Pourquoi Moselle? Parce que le vin est à la fois léger et aérien tout en offrant tension, minéralité, densité et corps. Demi-sec, il a une légère douceur qu’une acidité tendue et droite telle la flèche de Robin des Bois fendant l’air dompte sans compromis pour en laisser une impression finale d’un vin sec. Que dire de l’extraction et de la persistance aromatique qui tient, qui tient, et qui tient encore un long moment après avoir avalé. Nul besoin de le servir froid. «Une telle acidité désaltère autant que le vin a du poids» (lire à haute voix).
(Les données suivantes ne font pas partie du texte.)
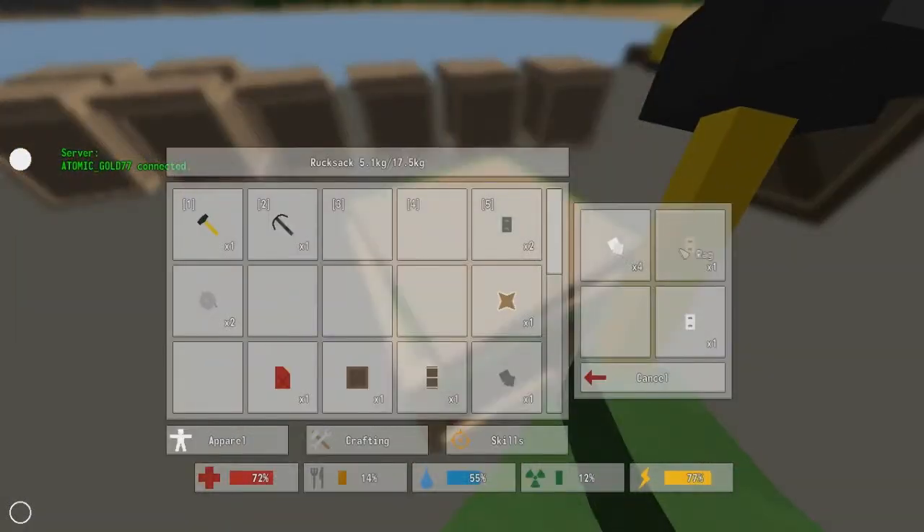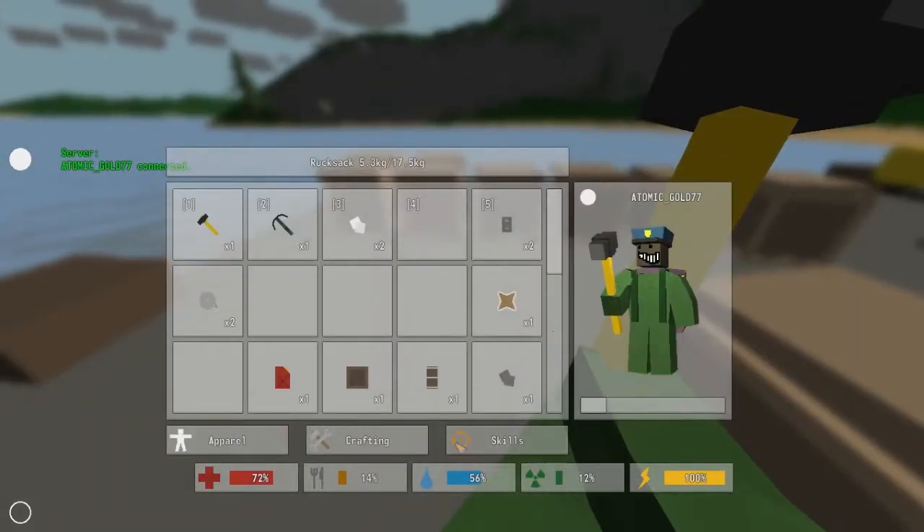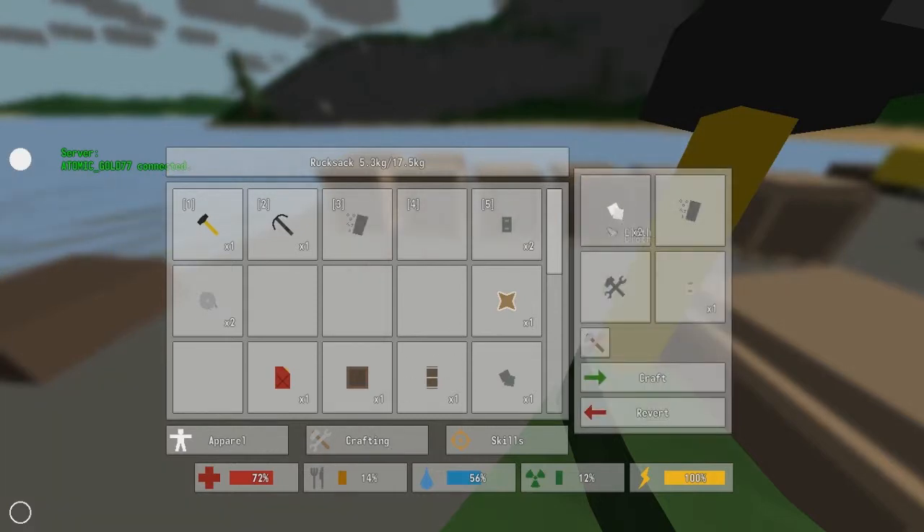All right, so in order to make a rag, you just need two cloth, which is really easy to get. You can take your shirt off and craft it to get two cloth. Then you open up your crafting, put your two cloth in there, and you get one rag. So I'm going to craft that.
Magnifique. Avec une telle combinaison douceur/acidité, Sketches 2009 devrait faire l’histoire et potentiellement durer au moins quinze ans. ****/*****

Vesevo Falanghina Sannio 2008 (51698 15,95 $) Avec un nez de bonne intensité qui respire la pêche et les fleurs blanches, la bouche suit, ronde et moyennement corsée, sur une bonne acidité pour tenir la structure et assurer la fraîcheur alors que les odeurs perçues au nez persistent longtemps. ***/***** J’ai souvent servi la falanghina, cépage particulier à la Campanie, à des gens qui ne juraient que par le pinot grigio. Ceux-ci recherchaient un vin souple, donc sans trop d’acidité et avec un caractère sphérique, donc sans angles. Je ne crois pas avoir jamais retourné une bouteille.